- Born: 1950 (age 75–76)
- Other name: Larry Levy
- Education: Boston University's School of Communication (B.S. 1972)
- Occupations: academic and journalist
- Employer: National Center for Suburban Studies at Hofstra University
- Known for: finalist for the Pulitzer Prize for Editorial Writing; Long Island Journalism Hall of Fame;
- Title: executive dean

= Lawrence C. Levy =

American academic and journalist

Lawrence C. "Larry" Levy (born 1950) is the executive dean of the National Center for Suburban Studies at Hofstra University, as well as a former journalist. He is an expert on suburban politics. In 1999, he was a finalist for the Pulitzer Prize for Editorial Writing. In 2023 Levy was inducted into the Long Island Journalism Hall of Fame.

==Biography==
===Early life===
Levy was born in 1950, and is the son of Celia "Cyl" and Saul S. Levy. He has a sister Mara Kahn. He grew up in Valley Stream, New York. He is married to Freda Wagner, and has two sons, David and Sam. As of 2009, he lived in Huntington, New York.

He attended Boston University's School of Communication (B.S. 1972), where Levy majored in Journalism, Film & English Literature. Levy was a starting pitcher on the school baseball team.

===Career===
Levy worked as a reporter, chief political columnist, and senior editorial writer at Newsday from 1977 to 2007. He has also served as the host of "Face-Off", a weekly public affairs show on WLIW.

In 1999, he was a finalist for the Pulitzer Prize for Editorial Writing, for his writing that was key in prompting reform of the inequities in Long Island's system of property assessment. He has written guest posts for CNN and The New York Times, and written a regular column on politics for the Albany Times Union. He has appeared as a guest on WCNY-FM, Innovation Hub, WNYC, and others. Levy is a member of a Brookings Institution advisory panel.

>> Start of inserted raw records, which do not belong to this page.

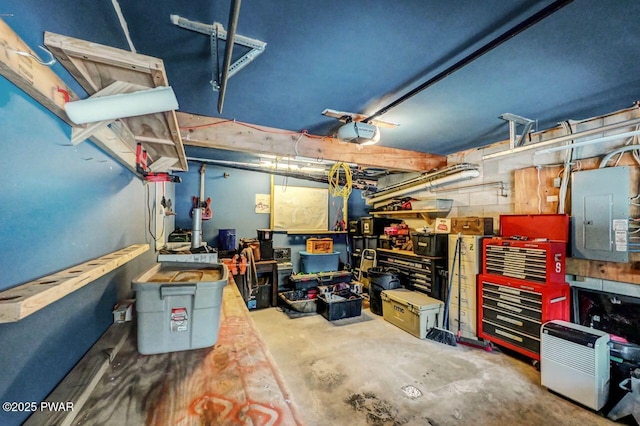 garage featuring electric panel, a workshop area, and a garage door opener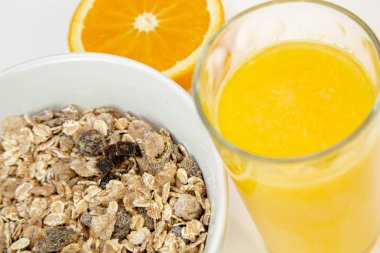 Delicious balanced breakfast with a bowl of muesli and fresh orange juice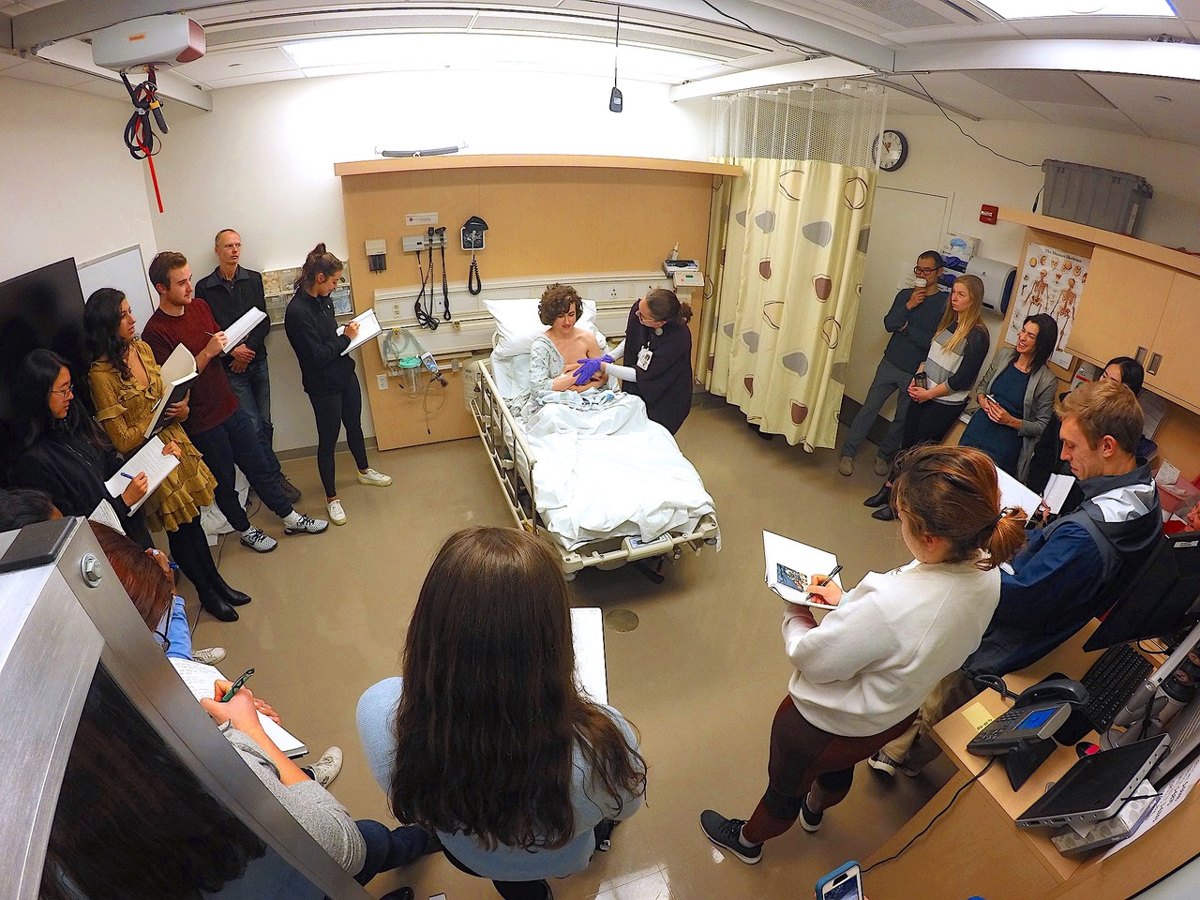 Students with notebooks stand around a hospital bed in a simulation room, observing an actor playing a new mother with a clinician beside her.
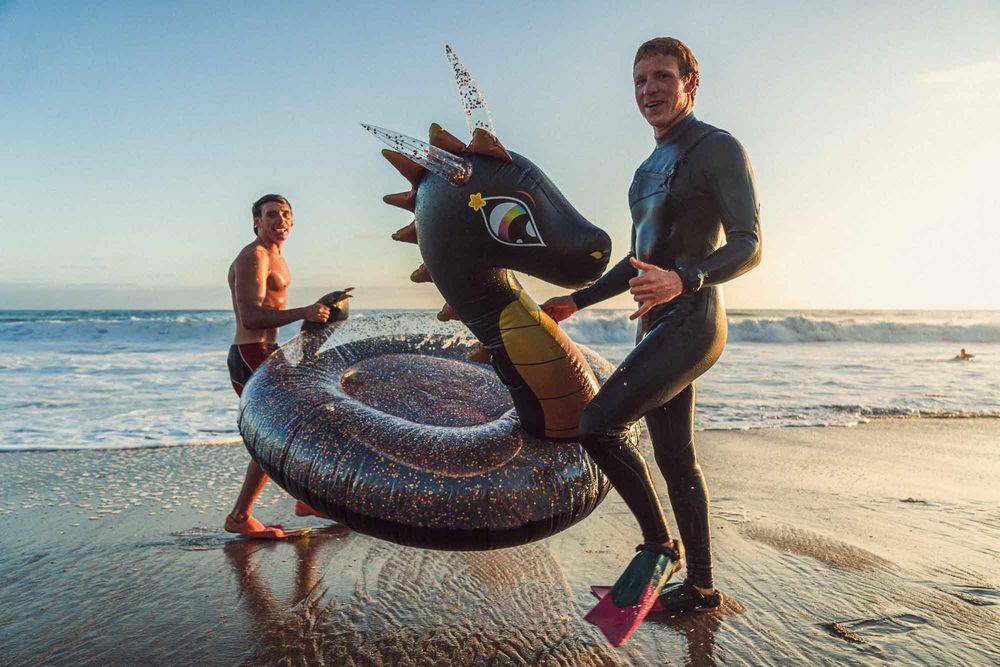 Two men on a sunny beach holding a dragon-shaped inflatable ring near ocean waves.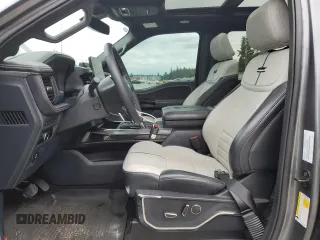 2023 Ford F-150 Lightning Pro with VIN 1FT6W1EV9PWG25278, listed as a Copart auction lot 60293095 with 24,450 mi miles and Salvage title. Bid and sale history available at DreamBid. Image 7.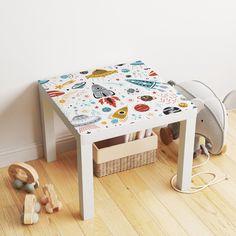 a child's play table with toys on the floor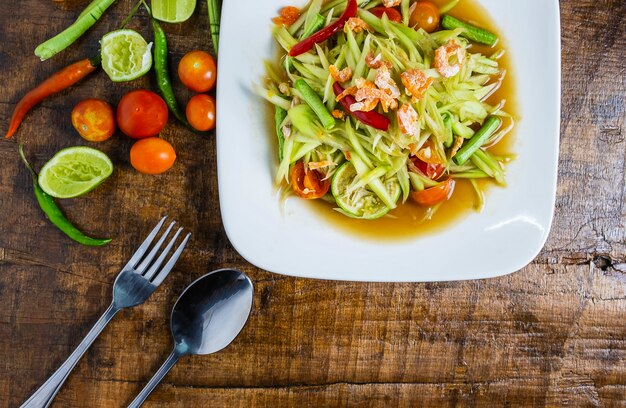 Comida tailandesa, salada de papaia e tomate, pimentão e condimentos em uma mesa de madeira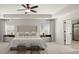 Relaxing main bedroom with a neutral palette, decorative headboard, and tray ceiling at 5925 Pine Bluff Dr, Cumming, GA 30040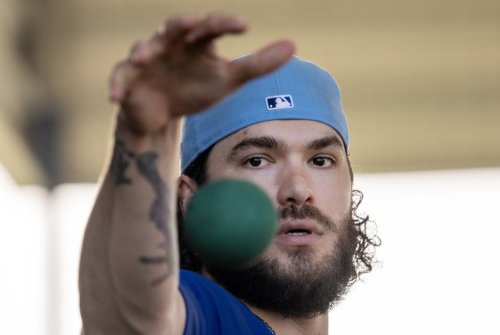 Toronto Blue Jays pitcher Cody Ponce warms up at Spring Training in Dunedin, Fla., on Thursday, Feb. 19, 2026. THE CANADIAN PRESS/Frank Gunn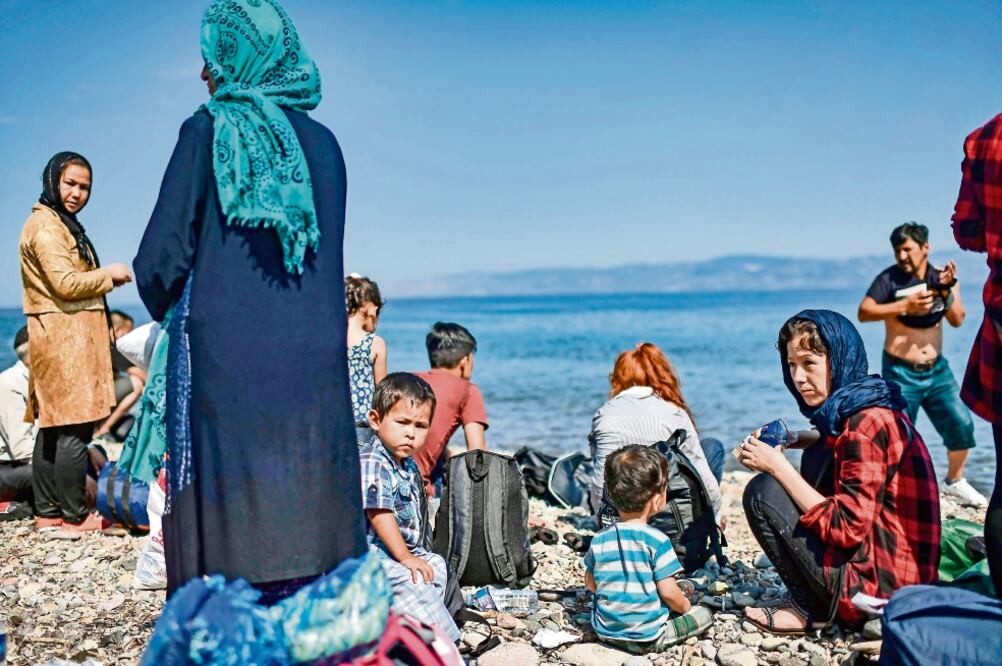 Migrantes de Afganistán llegaron ayer a la isla griega de Lesbos, después de cruzar el mar Egeo desde Turquía con un bote.(ARIS MESSINIS/AFP)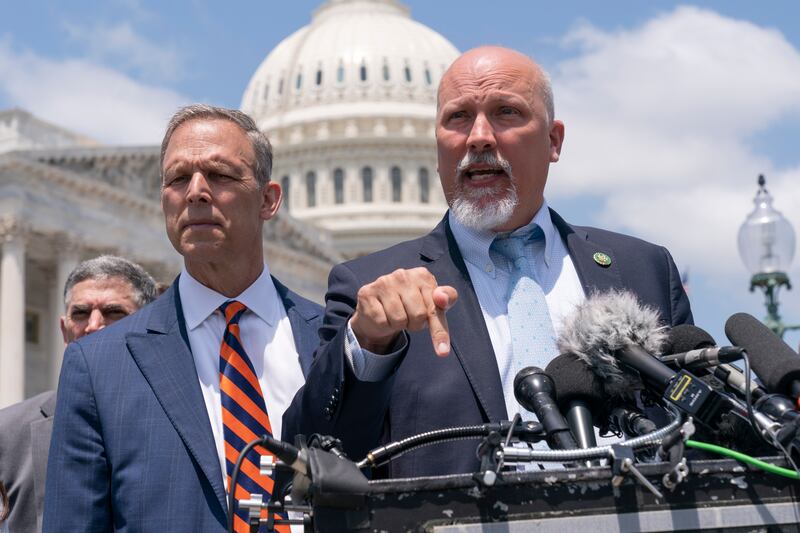 Rep. Scott Perry, R-Pa., left, and Rep. Chip Roy, R-Texas speak with reporters on Capitol Hill in Washington.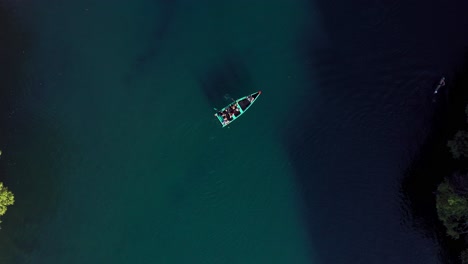 AERIAL:-Lago-De-Camecuaro,-Boat,-Swimmer,-Tangancicuaro,-Mexico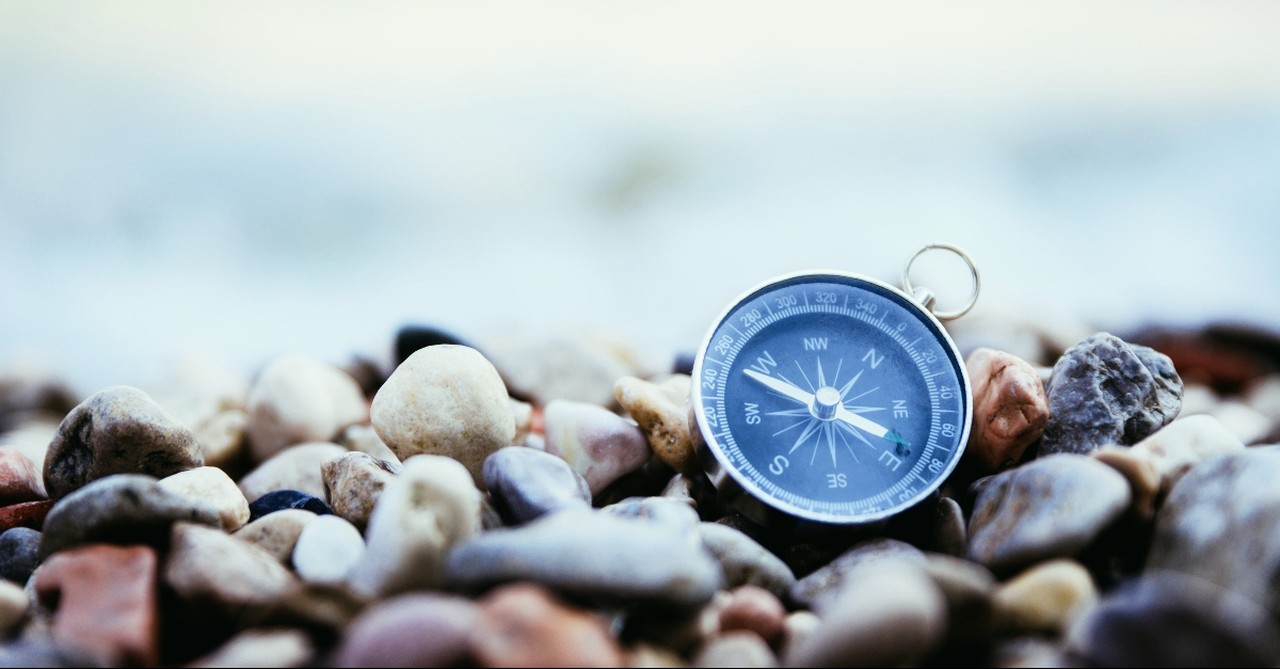 Compass on a stony beach, god shows up in our darkest hours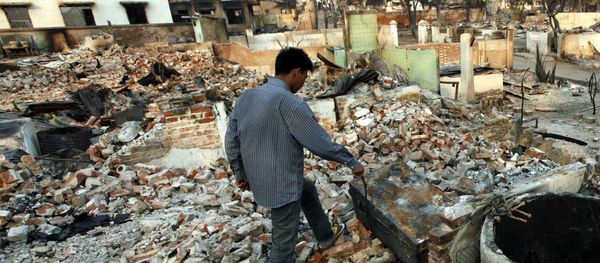 A man walks among debris of buildings destroyed during ethnic unrest between Buddhists and Muslim in Meikhtila, about 550 kilometers (340 miles) north of Yangon, Myanmar, Monday, March 25, 2013 - Sputnik International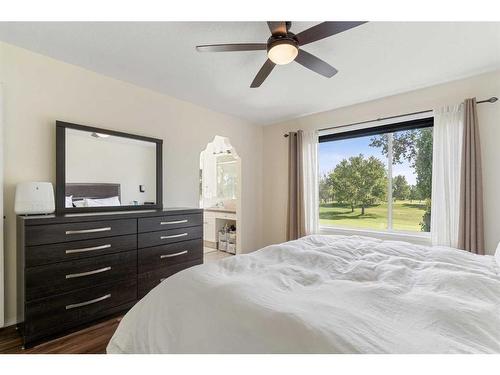 704 Woodside Drive Nw, Airdrie, AB - Indoor Photo Showing Bedroom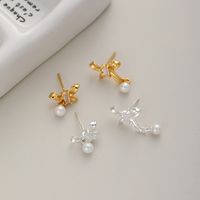 1 Pair Sweet Simple Style Bow Knot Hollow Out Inlay Sterling Silver Pearl Zircon Ear Studs main image 1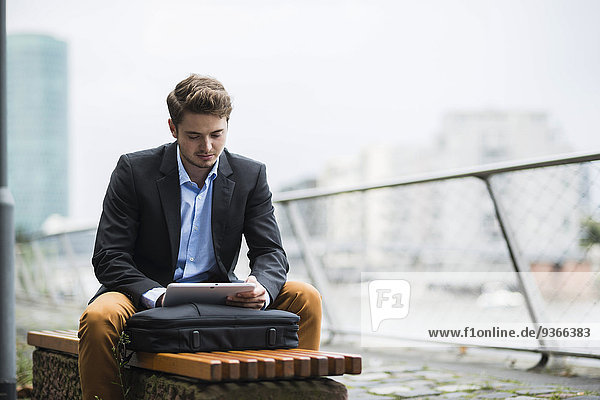 Deutschland  Hessen  Frankfurt  junger Mann auf einer Bank sitzend mit seinem digitalen Tablett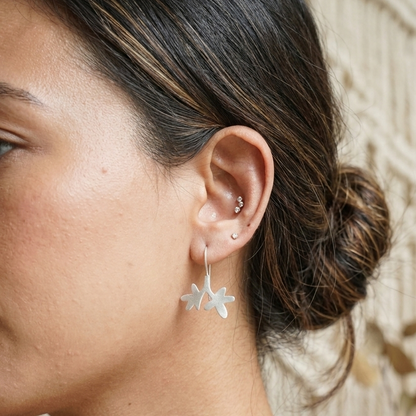 Close-up of a woman wearing star-shaped earrings with a neutral background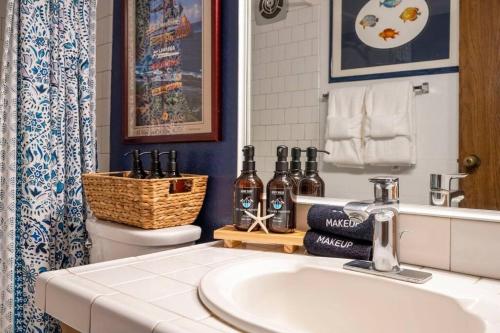 a bathroom with a sink and a toilet at Kihei Alii Kai D207- Ocean view, walk to shops, dining, and Kam I Beach in Kihei
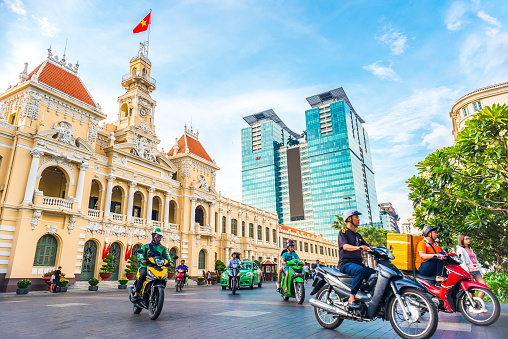 Ho Chi Minh City, Vietnam - April 30, 2018: Saigon City Hall, Vincom Center towers, colorful street traffic (people driving motorbikes) & tropical plants against the blue sky.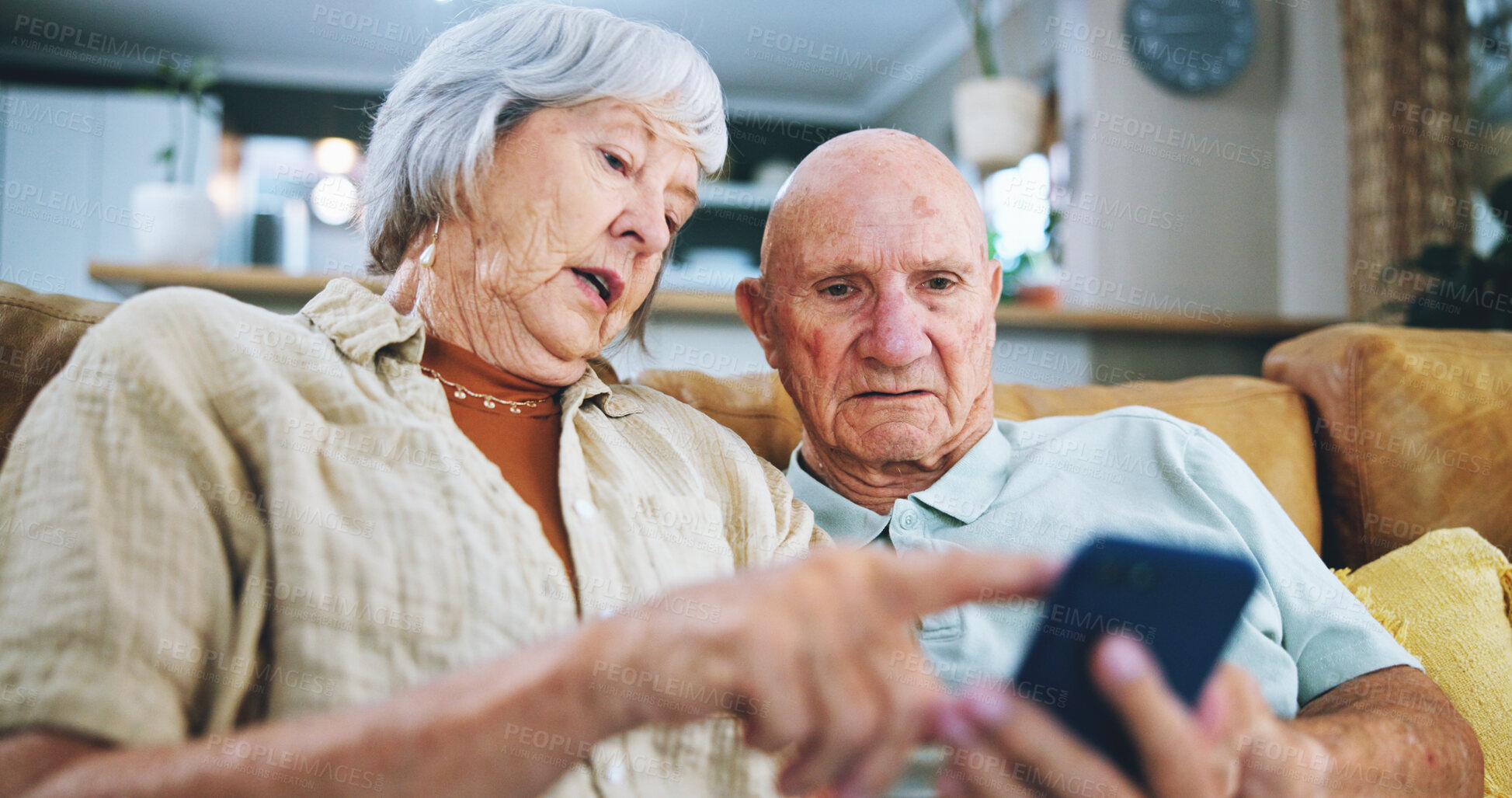 Buy stock photo Senior couple, phone and reading on sofa with point, choice and click with video, download or search in home. Elderly woman, man and smartphone on lounge couch with discussion for social media post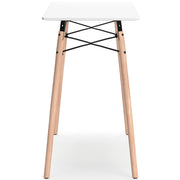 Ashley Furniture Jaspeni home office desk shown from the side, featuring a sleek wood finish and modern design for workspace comfort.
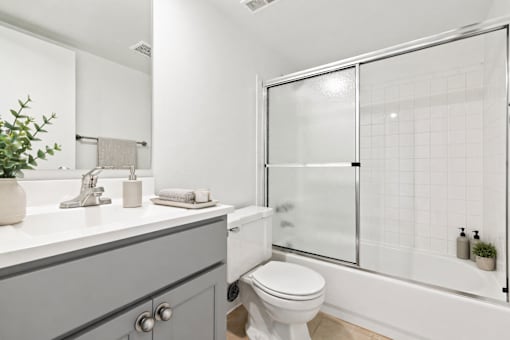 A white bathroom with a toilet, sink, and shower.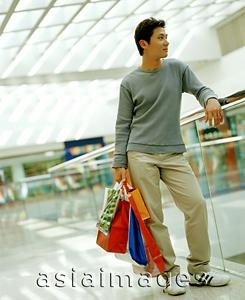 Asia Images Group - Casual dressed man holding shopping bags in mall leaning on railing.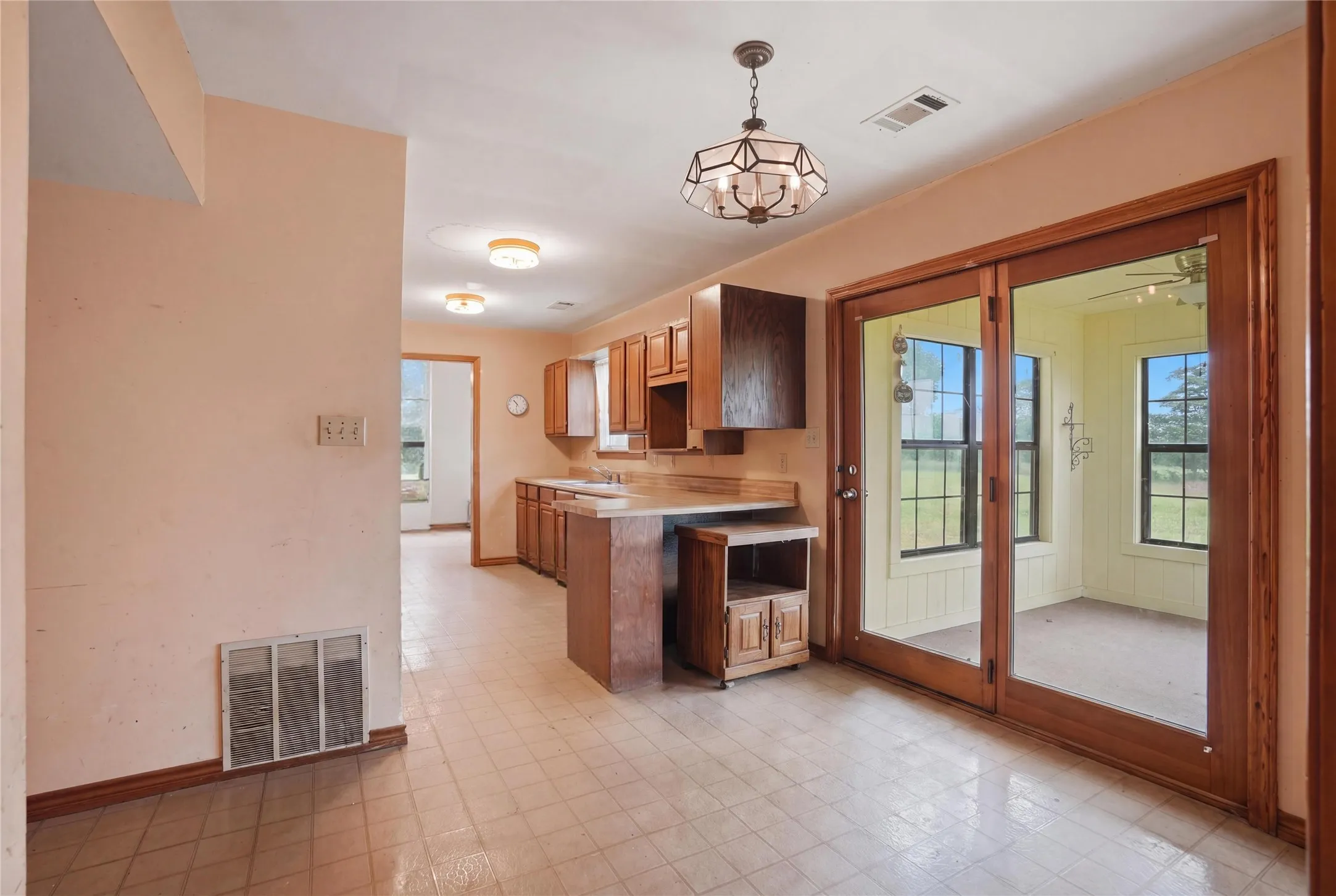 Bright and functional kitchen featuring sliding glass doors that lead to a sunroom filled with natural light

Levy has since 2007 been the executive dean of the National Center for Suburban Studies at Hofstra University, as well as a former journalist.

In 2008, he was named 47th on the 6th Annual Power List of the Long Island Press.

Levy was honored as the 2022 Educator of the Year by the Long Island Black Educators Association (LIBEA).

Speaking in 2023 about attitudes of people on Long Island, Levy said: "Suburbanites are all about personal security — as it’s reflected in crime, as it’s reflected in their finances — and when they are starting to feel threatened with the steady drumbeat of bloody headlines and lead stories, they take notice. And even if they don’t see much of it happening around them, they’re worried that it could find them."

In 2023 Levy was inducted into the Long Island Journalism Hall of Fame.

He is an expert on suburban politics.